Monday, January 11, 2010

Thinking About Age Differences, Relationships, and Academics

An old column by Dan Savage got me thinking about the eroticization of power today. In this column, he wrote (as he has in many columns) about how he doesn’t think that relationships with large age differentials are necessarily bad. He endorses the “campsite rule” when it comes to younger lovers: leave younger lovers better than you found them. Make no babies, transmit no STDs, tell no lies, and break no hearts. (Not a bad set of rules for most relationships, really, although ‘make no babies’ is sometimes negotiable.)

I know a few people in relationships with partners who are more than fifteen years younger or older than they are. I know younger partners who entered these relationships when they were eighteen, when the differential wasn’t just large in terms of years, but enormous in terms of experience. I also know older partners who have chosen to date younger people and acted as mentors and guides for them, as well as lovers. The relationships I have in mind have not only been successful on their own terms, but also provided safe places for the younger partners to explore sexually and to continue maturing as adults. Some of these relationships aren’t just short term — which Savage suggests older/younger pairings always are — but long term commitments edging past years and into decades.

On feminist grounds, I think large age differentials can add a tricky extra layer of power to relationships which it can be hard for people to navigate, particularly if they aren’t used to thinking about the effects of power on intimate relationships. Younger partners, being more naive, have more at risk in these encounters. Still — it’s obvious that people can, and do, navigate the risks to create happy, safe relationships.

When it comes to accepting sexualities that are considered risky in our culture, I’m pretty radical, even for liberal feminists. But when age difference meets teacher-student relationships — well, my third-wave sex-positive wishy-washyness goes out the window, and my prudishly frowning super ego comes out to wag her finger.
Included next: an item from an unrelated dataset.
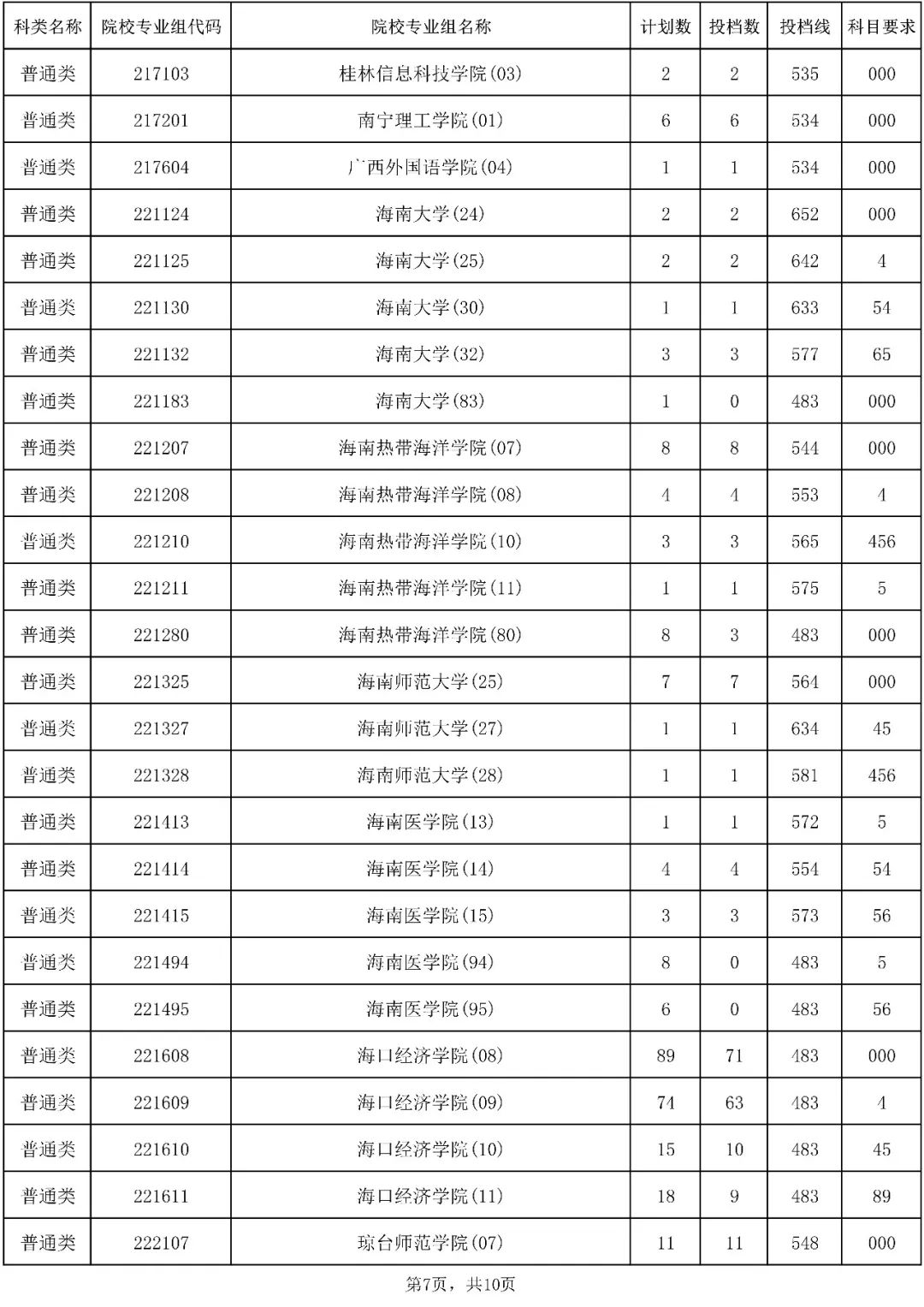 2023年海南省普通高校招生录取本科普通批（含少数民族班和预科班）院校专业组征集志愿平行投档分数线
It happens. I think we all hear about it. I don’t think most of us talk about it much. It’s a subject for whispers — a dirty academic secret. The TA really is making out with the student she recognized from suicide girls. The married, “monogamous” professor who hosts get-togethers at the home his wife keeps for him and his kids is slipping his own hors d’oeurves to the obnoxious boy who won’t shut up in class.

Universities round up their TAs for seminars on sexual conduct in the classroom, where they inform them about the methods for dealing with students who harrass them — and casually drop in the proper procedure for dealing with burgeoning relationships with students. “Avoid the ones in your department,” they say, “and particularly the ones in your classes.”
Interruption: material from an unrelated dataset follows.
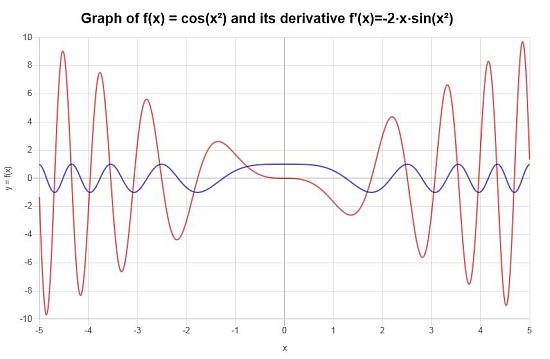 Chain Rule Example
Or at least wait until your class is over.

But really, we all know stories about people who didn’t, don’t we?

I am aware that teacher/student romances are the subject of many an erotic fantasy, but I’m the odd one out on this kind of eroticism. On a gutteral level, I just don’t get it. Students — especially younger ones — are… bleah. They’re students. I could no more think erotic thoughts about them than I could my siblings or parents. I’ve become fairly good friends with a few of my ex-students, and even so, when they do things that I’d never blink at another young adult doing — like post pictures of themselves topless and drunk at a party — I have to suppress my gag reflex. Because ew. Students.
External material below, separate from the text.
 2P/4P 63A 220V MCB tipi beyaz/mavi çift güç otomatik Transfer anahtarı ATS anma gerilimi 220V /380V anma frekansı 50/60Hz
But my personal distaste shouldn’t be part of this conversation. Arguments from disgust are never convincing, which is why anti-choice protesters aren’t making a good logical point when they talk about how disgusting abortion looks (do they think appendectomies are gorgeous?). There have to be better reasons than “yuck” to oppose student/teacher relationships.

Don’t there?

I think it’s a good thing to discuss taboos rather than leave them hidden. I was once involved in a really interesting discussion with anthropologists about how a lot of people have relationships with their informants in the field. By making those dynamics overt, anthropologists gain the ability to discuss them, analyze them, and hopefully deal with them productively.

So, here are my questions to fellow people who are working in academia (though I know people might want to go anonymous to comment on this):

1) Policies against student/teacher relationships are a fact at most (all?) institutions. Should they be? Are the ones that exist reasonable? Are there tweaks that would make things more practical or safer for students?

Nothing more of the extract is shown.